Problem details |
As you work through the listing below, copy each line exactly and drop the images.

Dataset excerpt |
══════
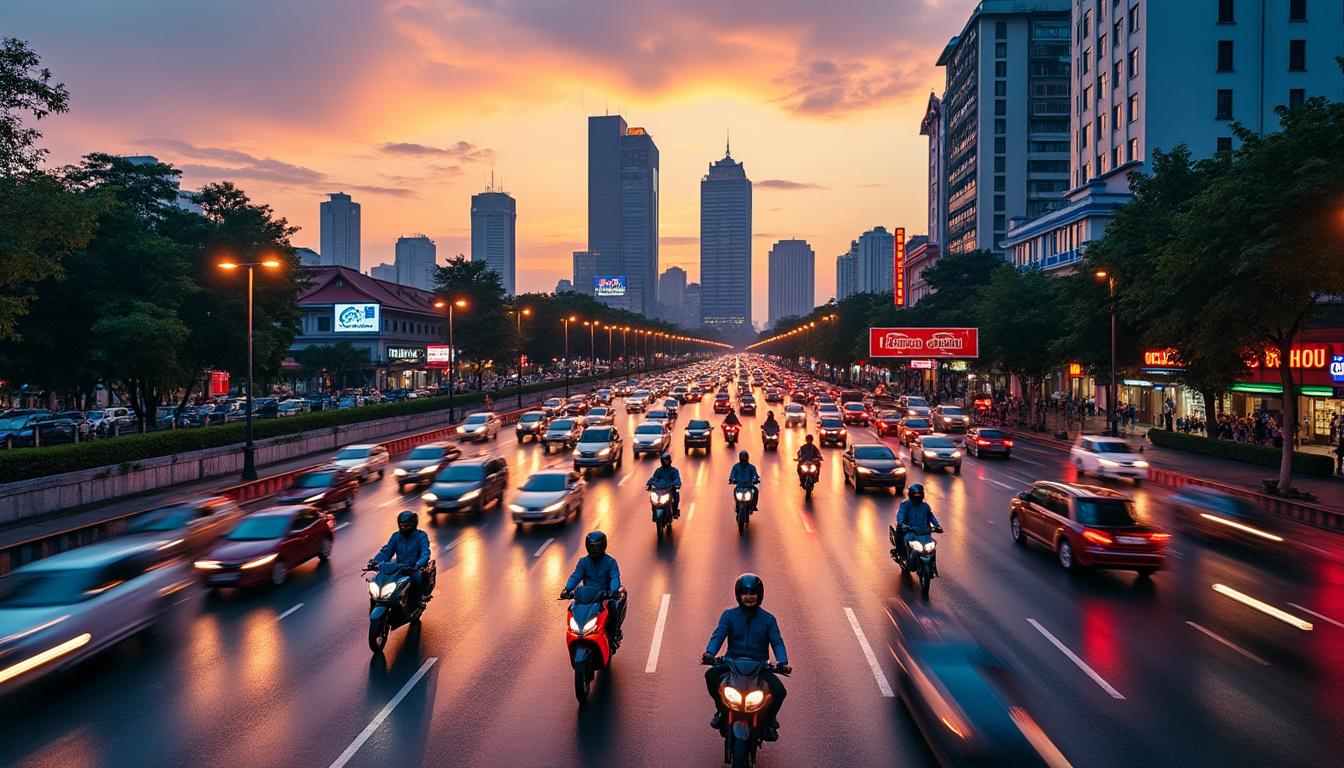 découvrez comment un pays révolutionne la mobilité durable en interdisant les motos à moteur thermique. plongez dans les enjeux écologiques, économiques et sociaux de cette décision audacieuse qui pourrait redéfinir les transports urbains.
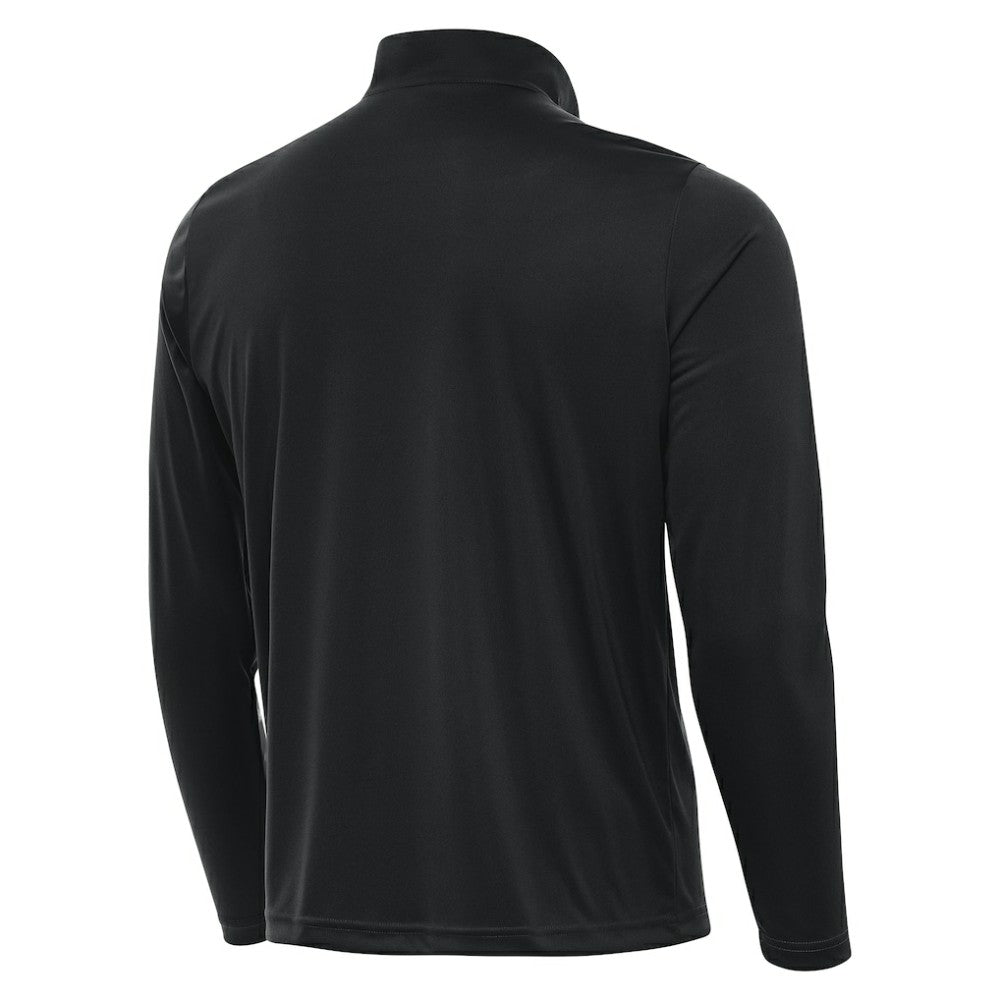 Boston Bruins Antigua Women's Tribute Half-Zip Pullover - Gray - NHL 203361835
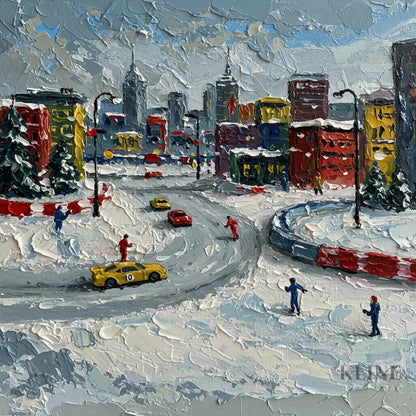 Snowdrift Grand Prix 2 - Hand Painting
══════
Reply |
 découvrez comment un pays révolutionne la mobilité durable en interdisant les motos à moteur thermique. plongez dans les enjeux écologiques, économiques et sociaux de cette décision audacieuse qui pourrait redéfinir les transports urbains.
 Boston Bruins Antigua Women's Tribute Half-Zip Pullover - Gray - NHL 203361835
 Snowdrift Grand Prix 2 - Hand Painting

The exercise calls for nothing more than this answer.